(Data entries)
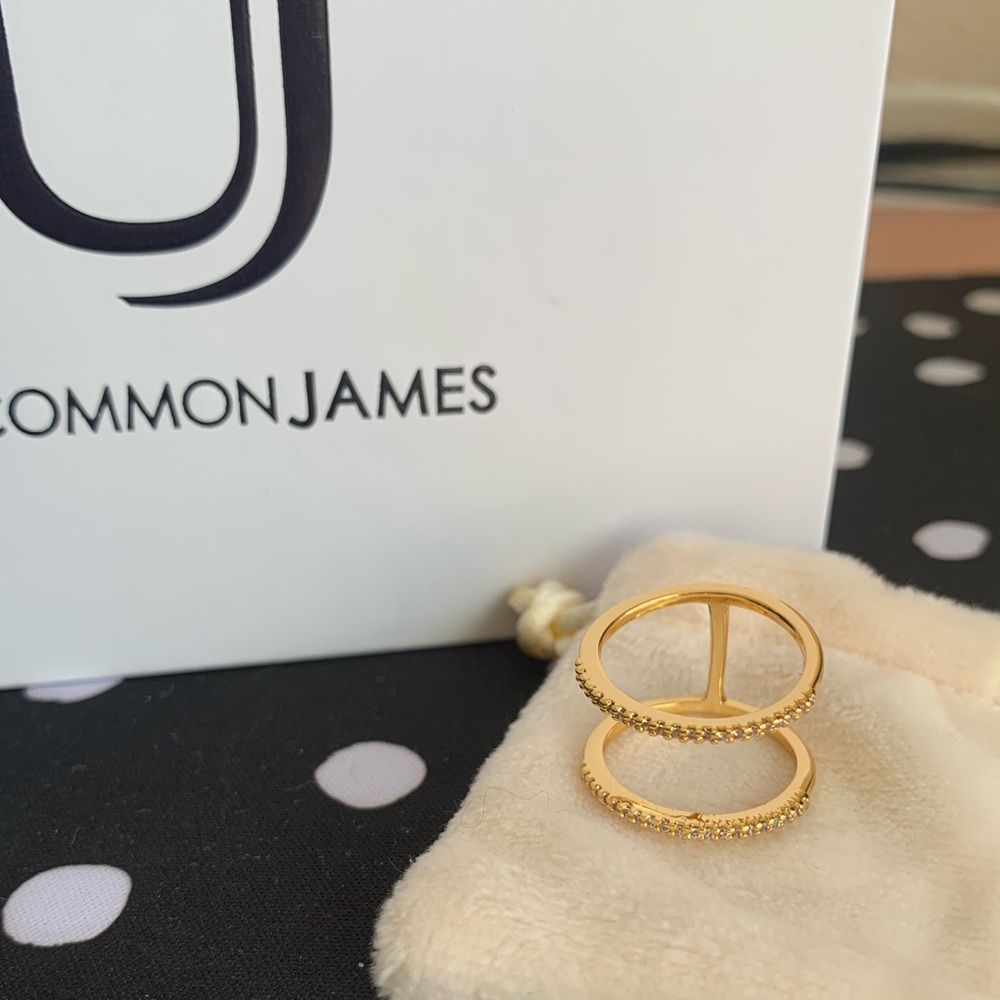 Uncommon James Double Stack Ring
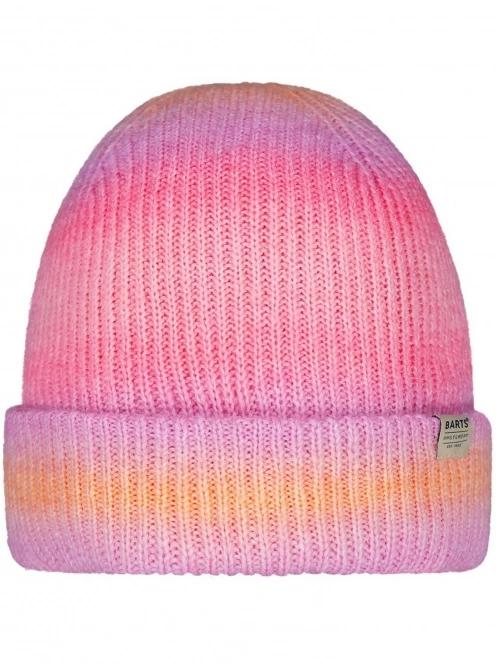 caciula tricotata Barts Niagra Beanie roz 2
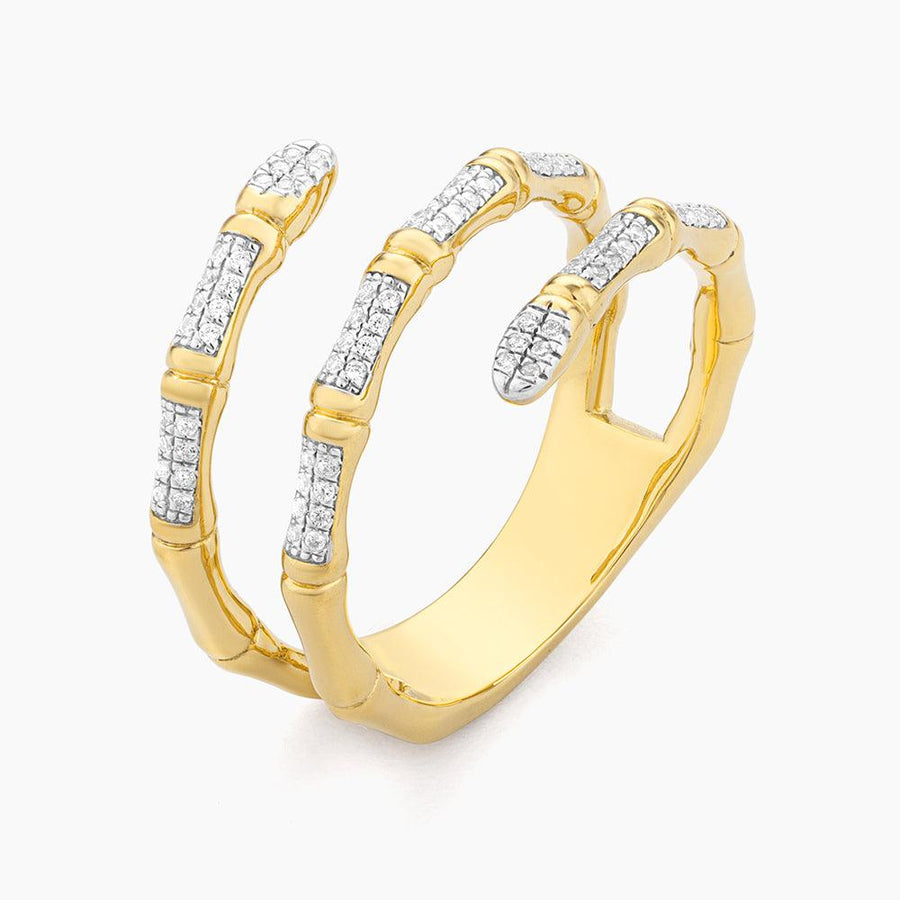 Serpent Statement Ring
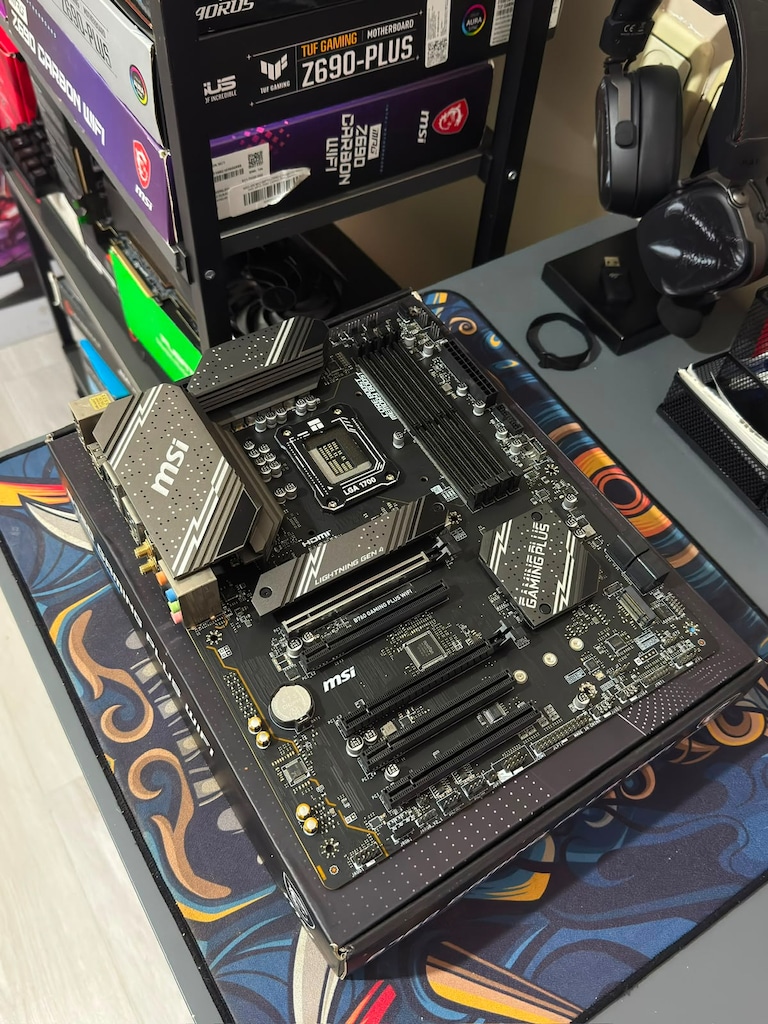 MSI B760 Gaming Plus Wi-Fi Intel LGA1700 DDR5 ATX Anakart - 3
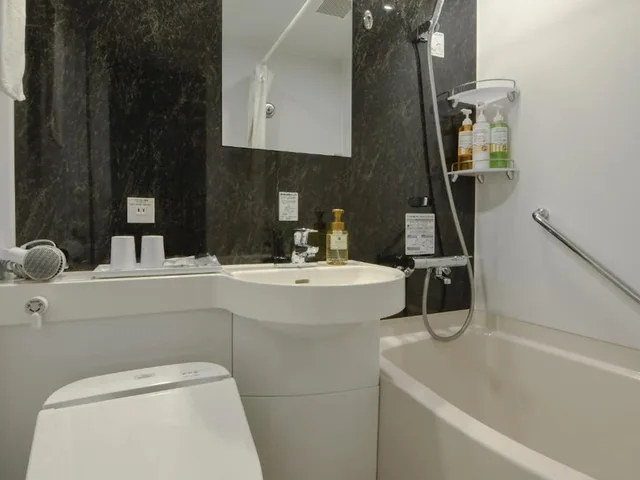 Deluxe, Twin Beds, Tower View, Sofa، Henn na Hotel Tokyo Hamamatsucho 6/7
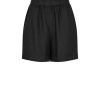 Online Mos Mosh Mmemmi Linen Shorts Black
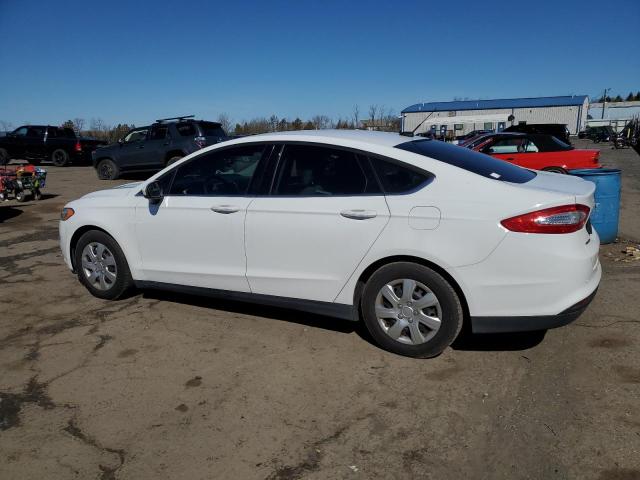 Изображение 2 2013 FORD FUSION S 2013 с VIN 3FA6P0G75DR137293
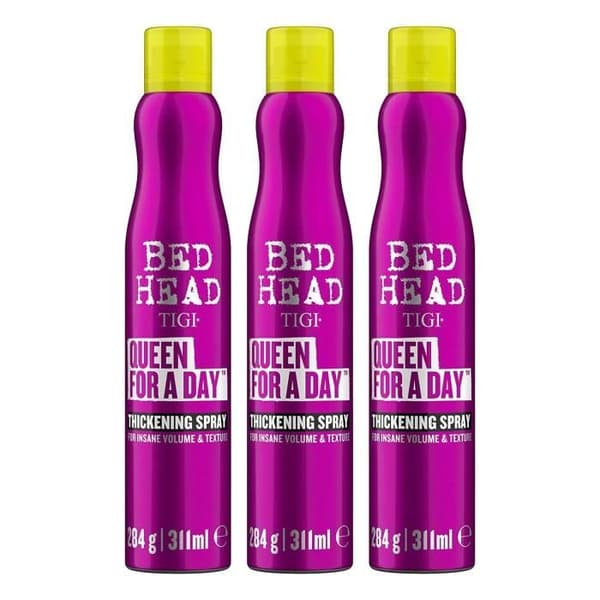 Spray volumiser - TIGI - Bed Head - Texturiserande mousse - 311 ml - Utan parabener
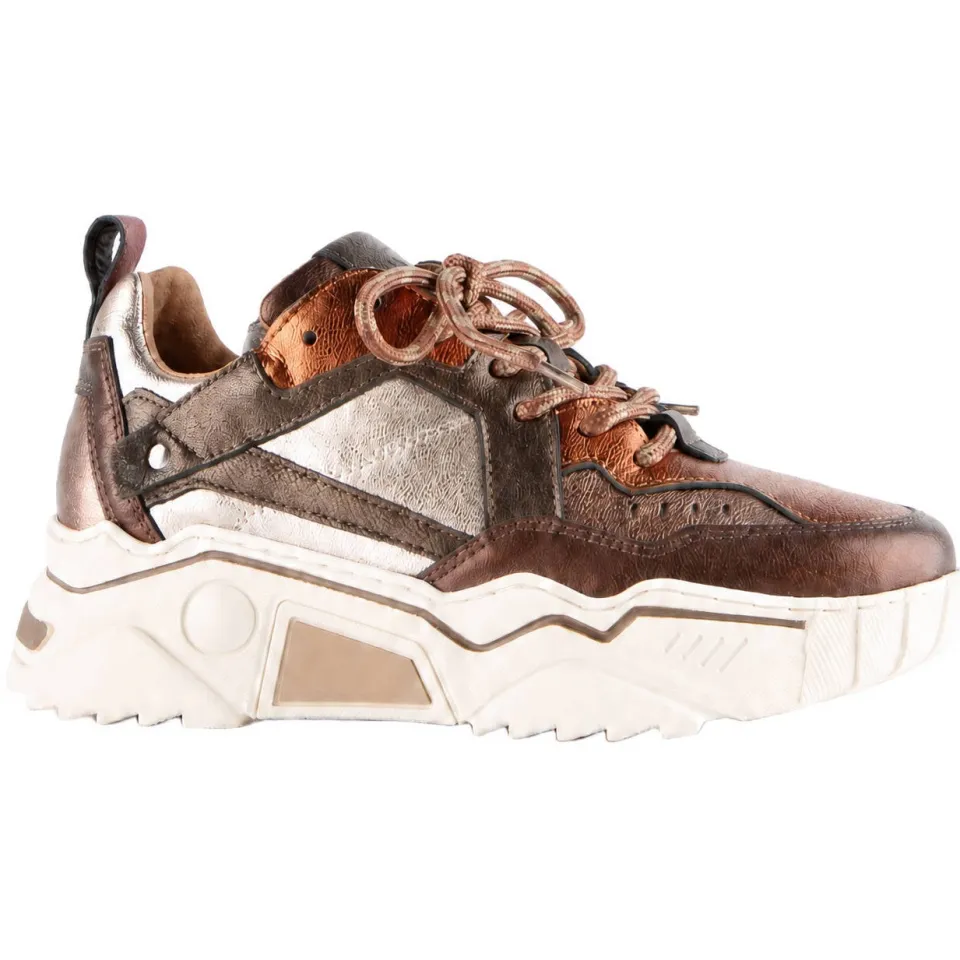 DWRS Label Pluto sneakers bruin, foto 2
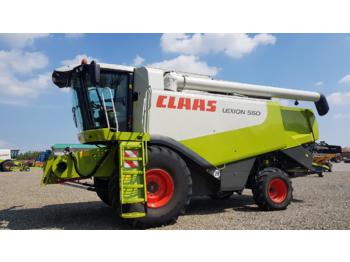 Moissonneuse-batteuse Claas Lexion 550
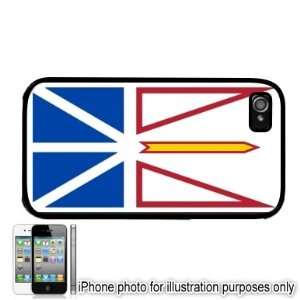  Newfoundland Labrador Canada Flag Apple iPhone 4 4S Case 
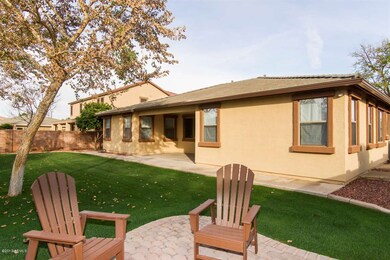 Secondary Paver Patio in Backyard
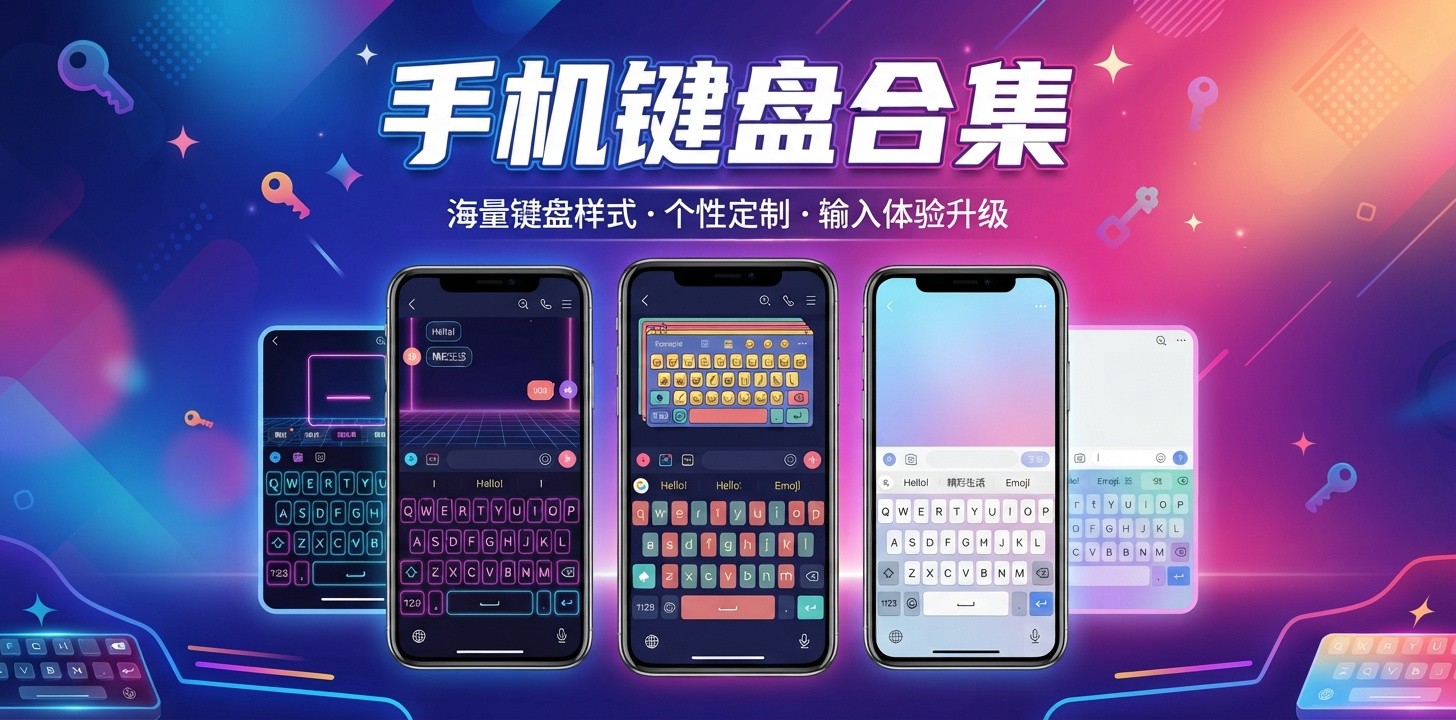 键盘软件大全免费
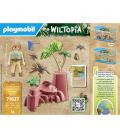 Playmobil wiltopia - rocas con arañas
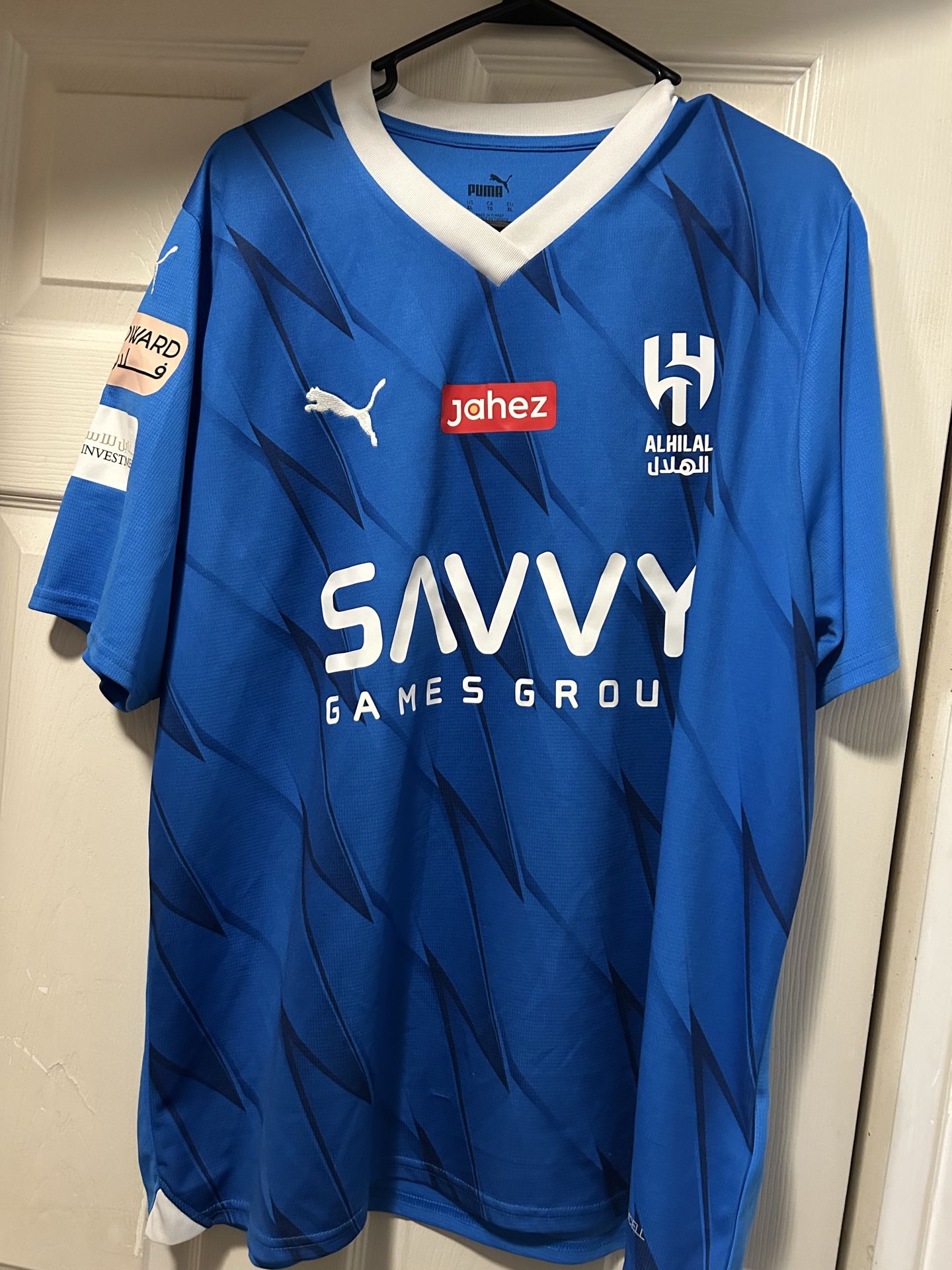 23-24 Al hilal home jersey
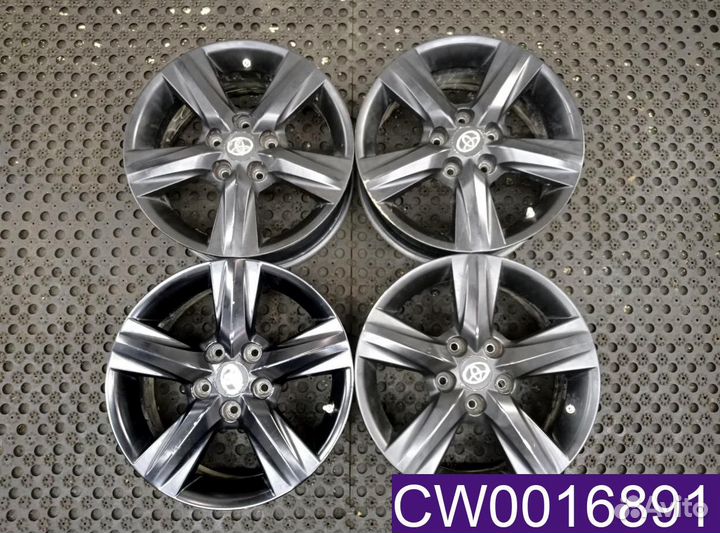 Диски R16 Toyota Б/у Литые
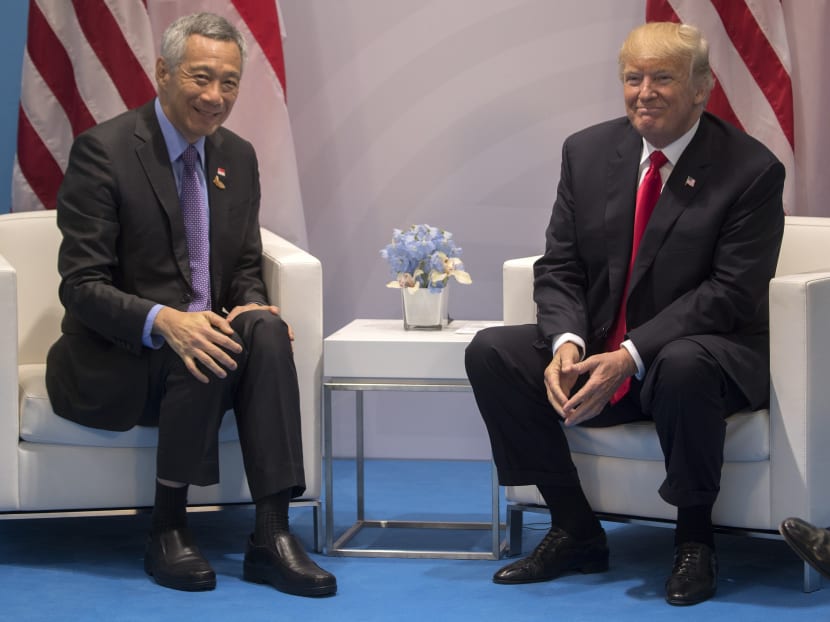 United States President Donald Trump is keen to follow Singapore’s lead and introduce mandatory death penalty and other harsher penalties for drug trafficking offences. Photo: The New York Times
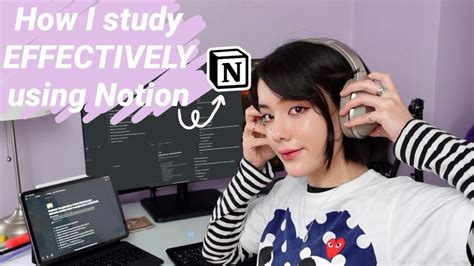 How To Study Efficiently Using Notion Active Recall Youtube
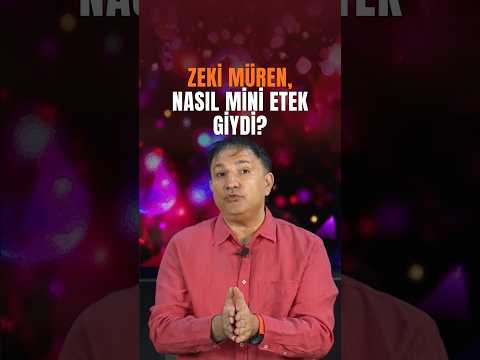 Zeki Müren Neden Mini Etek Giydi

**EXERCISE**
Copy nothing outside the span: please output the lines from the one with "Deluxe, Twin Beds, Tower" through the end of the entries above, and skip the pictures.

**EXERCISE OUTPUT**
 Deluxe, Twin Beds, Tower View, Sofa، Henn na Hotel Tokyo Hamamatsucho 6/7
 Online Mos Mosh Mmemmi Linen Shorts Black
 Изображение 2 2013 FORD FUSION S 2013 с VIN 3FA6P0G75DR137293
 Spray volumiser - TIGI - Bed Head - Texturiserande mousse - 311 ml - Utan parabener
 DWRS Label Pluto sneakers bruin, foto 2
 Moissonneuse-batteuse Claas Lexion 550
  Newfoundland Labrador Canada Flag Apple iPhone 4 4S Case 
 Secondary Paver Patio in Backyard
 键盘软件大全免费
 Playmobil wiltopia - rocas con arañas
 23-24 Al hilal home jersey
 Диски R16 Toyota Б/у Литые
 United States President Donald Trump is keen to follow Singapore’s lead and introduce mandatory death penalty and other harsher penalties for drug trafficking offences. Photo: The New York Times
 How To Study Efficiently Using Notion Active Recall Youtube
 Zeki Müren Neden Mini Etek Giydi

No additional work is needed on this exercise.